## What you should do
Without any of the pictures, transcribe all the lines below exactly.
---+---
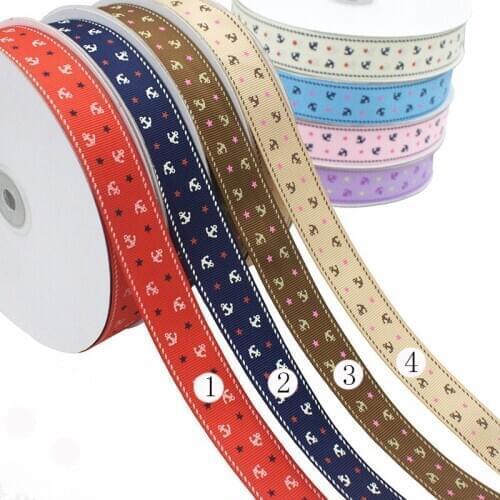 [IuBuFiGo] 10 yard 1"(25mm) Navy Sea Anchor Grosgrain Boat Printed Ribbon DIY Handmade Bow hair 10Y1358 Free shipping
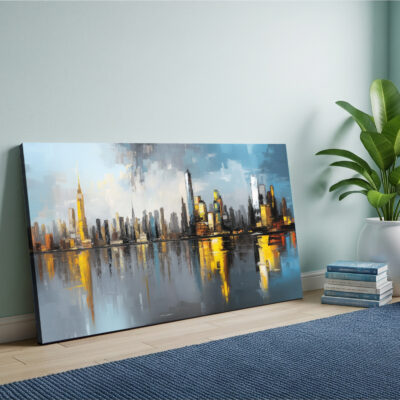 Oversized Modern Abstract Cityscape Canvas Print Wall Art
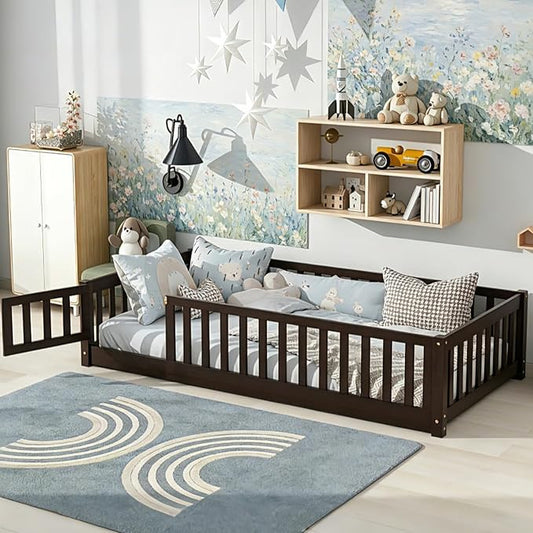 Bellemave Montessori Twin Floor Bed Frame with Fence and Removable Door, Low Profile Twin Size Montessori Bed Frame for Kids, Solid Wooden Floor Beds with Slats for Bedroom,Nursery, Espresso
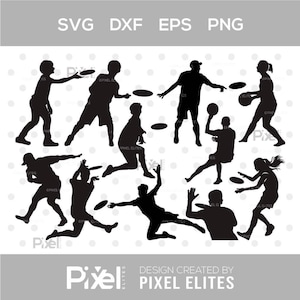 Ultimate Frisbee SVG Cut Files | Frisbee Silhouette | Frisbee Player Clipart | Sport Svg | Cricut Bundle | Frisbee SVG Set
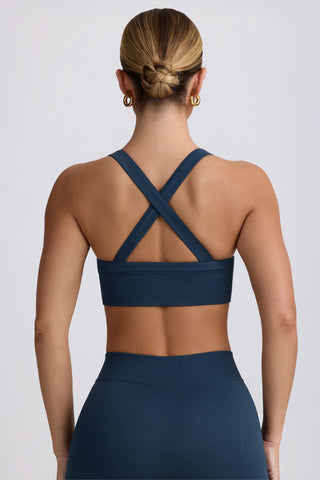 Super Sculpt Seamless Cross-Back Sports Bra in Blue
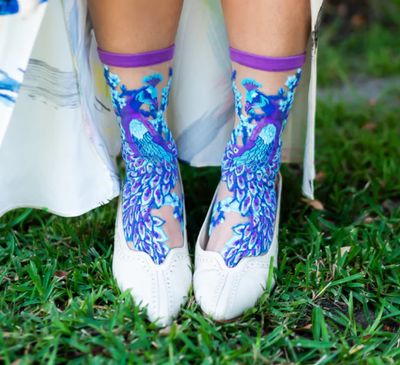 Aquamarine Peacock Sheer Crew Sock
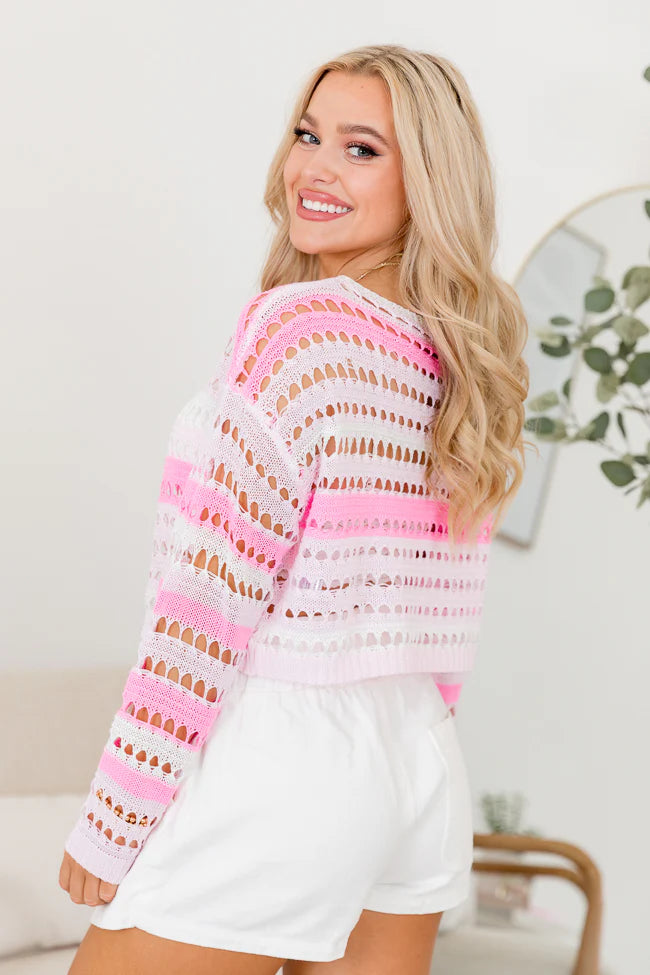 Different Views Pink Stripe Open Knit Sweater SALE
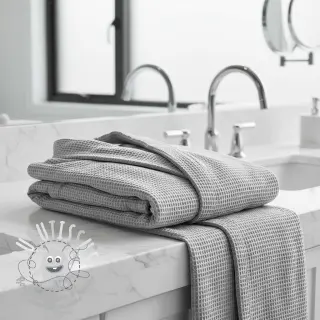 Tissu nid d’abeille light grey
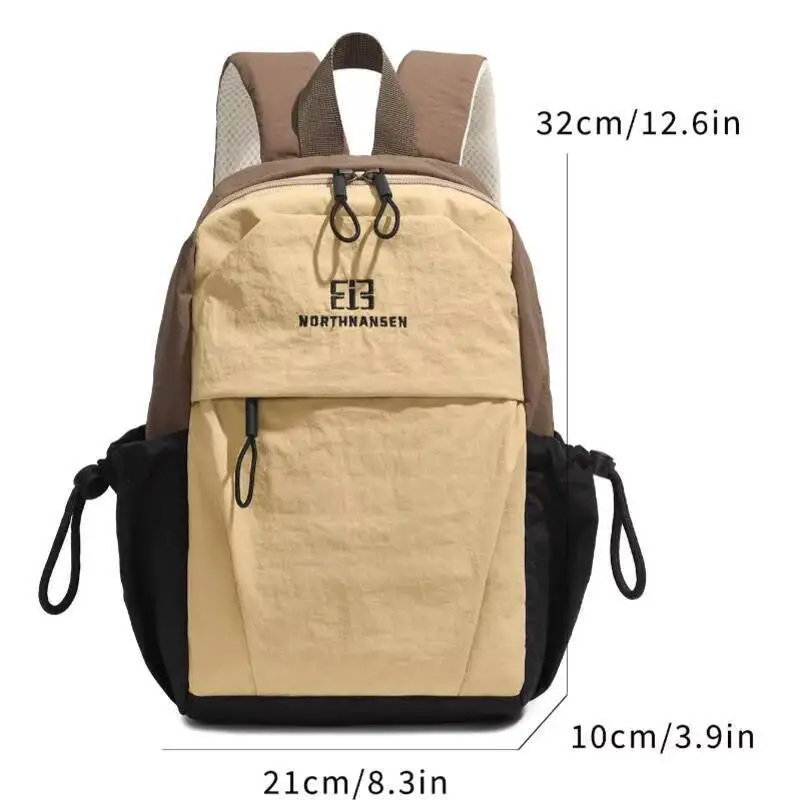 New Color Block Backpack Waterproof Nylon Multiple Pockets Breathable Mesh Straps Adjustable for Daily Commute Travel Casual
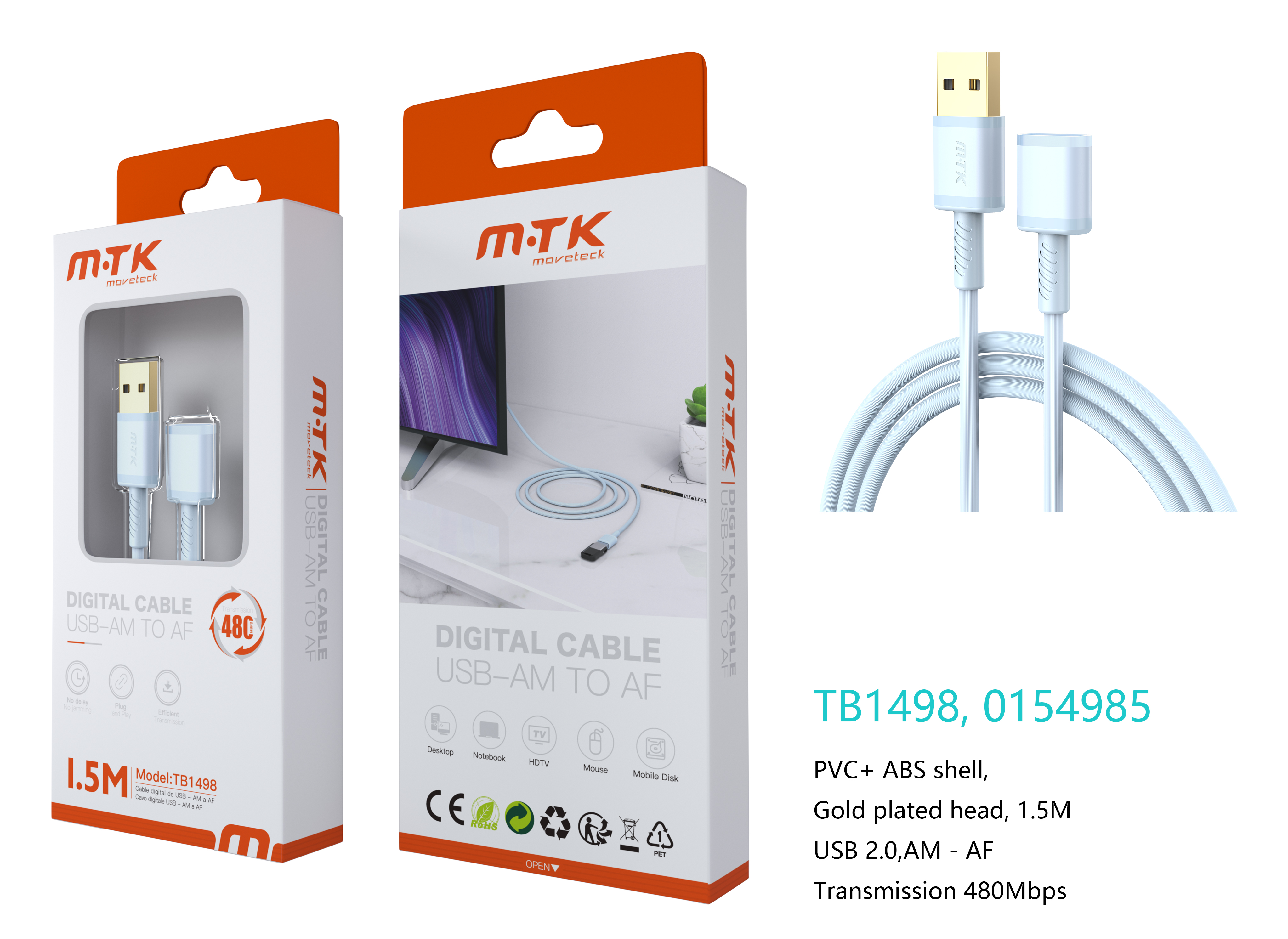 TB1498 AZ Luxury Cable USB 2.0 Macho a Hembra, 480Mbps, 1.5M , Azul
---+---
## Answer space
 [IuBuFiGo] 10 yard 1"(25mm) Navy Sea Anchor Grosgrain Boat Printed Ribbon DIY Handmade Bow hair 10Y1358 Free shipping
 Oversized Modern Abstract Cityscape Canvas Print Wall Art
 Bellemave Montessori Twin Floor Bed Frame with Fence and Removable Door, Low Profile Twin Size Montessori Bed Frame for Kids, Solid Wooden Floor Beds with Slats for Bedroom,Nursery, Espresso
 Ultimate Frisbee SVG Cut Files | Frisbee Silhouette | Frisbee Player Clipart | Sport Svg | Cricut Bundle | Frisbee SVG Set
 Super Sculpt Seamless Cross-Back Sports Bra in Blue
 Aquamarine Peacock Sheer Crew Sock
 Different Views Pink Stripe Open Knit Sweater SALE
 Tissu nid d’abeille light grey
 New Color Block Backpack Waterproof Nylon Multiple Pockets Breathable Mesh Straps Adjustable for Daily Commute Travel Casual
 TB1498 AZ Luxury Cable USB 2.0 Macho a Hembra, 480Mbps, 1.5M , Azul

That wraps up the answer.